Chlamydia cases climb
CHLAMYDIA diagnoses have tripled in the past 10 years according to new Australian Bureau of Statistics figures on sexually transmissible infections. In women aged 15 years and over, 502 per 100 000 were diagnosed with the infection in 2011, compared to 152 per 100 000 in 2001. For men, 366 per 100 000 were diagnosed in 2011 compared to 106 in 2001. Chlamydia was the most frequently reported notifiable condition in Australia, with 79 833 new notifications, the report said.

Brain’s role in chronic pain
CONNECTIONS between two regions of the brain could predict which patients go on to suffer from chronic pain, according to an article published in Nature Neuroscience. The researchers studied 39 patients with an initial episode of back pain over a year and found greater functional connectivity in the nucleus accumbens and the prefrontal cortex predicted pain persistence, implying that corticostriatal circuitry is causally involved in the transition from acute to chronic pain. They also found that when pain persisted, brain grey matter density decreased.

Once-daily HIV pill safe
A NEW once-daily pill for HIV has been found to be a safe and effective alternative for initial HIV treatment, according to two international randomised trials published in The Lancet. If approved, the pill would be the first once-daily single-tablet regimen containing an HIV integrase inhibitor, according to the authors. The pill is also faster acting, does not have the neuropsychiatric side effects associated with other combinations, and could improve compliance with treatment, according to the researchers. However, a higher number of kidney complications were reported in patients taking the pill compared with other HIV treatments.

Electronic records reduce legal claims
THE rate of malpractice claims when electronic health records (EHRs) were used was about one-sixth the rate when EHRs were not used, according to a research letter published in the Archives of Internal Medicine. The US authors said their findings suggested a reduction in errors was likely to be at least partly responsible. The reduction in claims lent support to the push for widespread implementation of health information technology, they said.
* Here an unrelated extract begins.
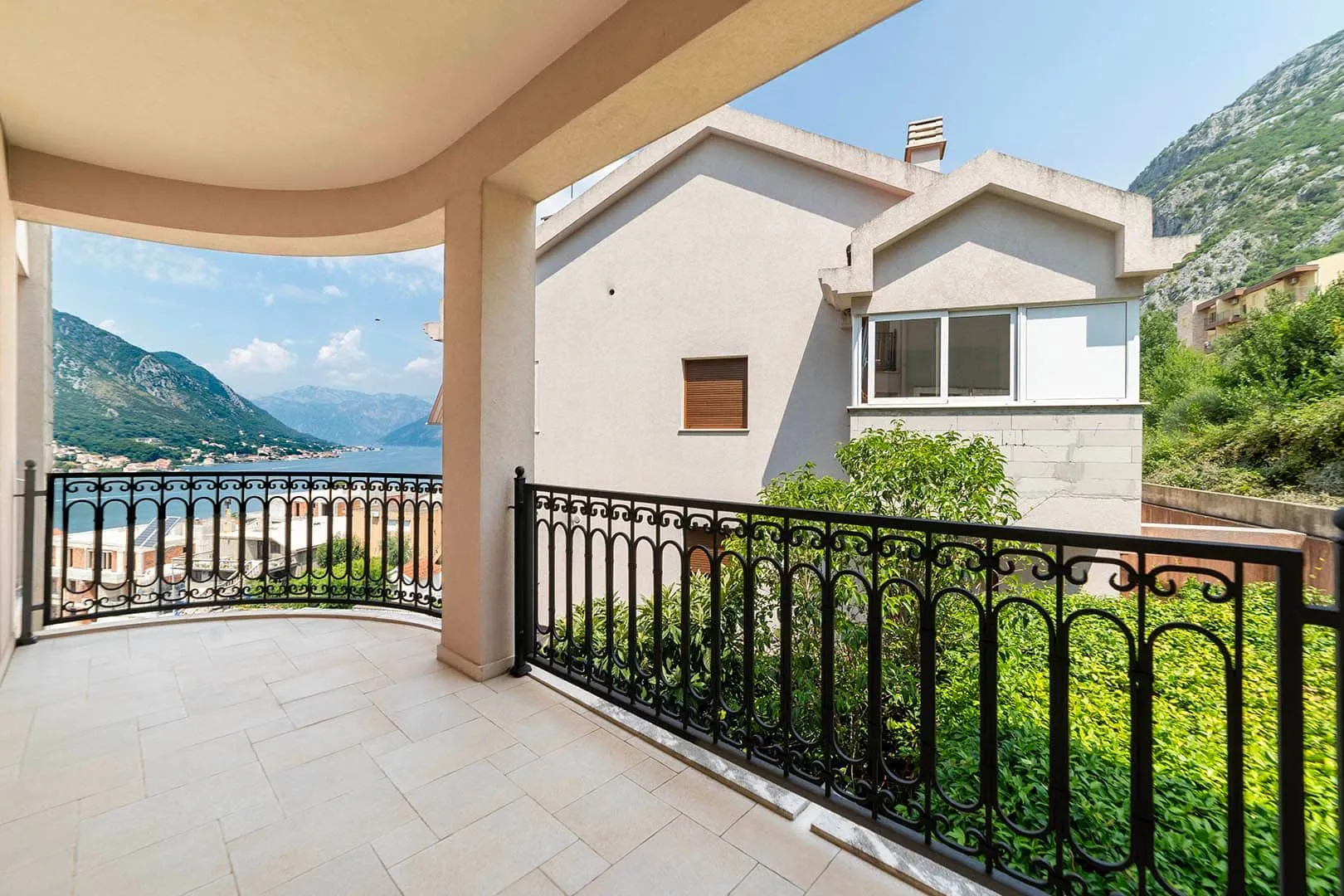 Sale, house, 507m², Dobrota, Kotor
“Reassuring” thrombolysis findings
THE use of intravenous tissue plasminogen activator (tPA) on patients with warfarin-treated ischaemic stroke does not increase their risk of symptomatic intracranial haemorrhage compared with non-warfarin patients, according to a large US study published in JAMA. The observational study found that up to 50% of warfarin-treated patients who might have been eligible for reperfusion therapy did not receive intravenous tPA. An accompanying editorial said the findings were “surprising yet reassuring” and contributed “important information regarding stroke care”.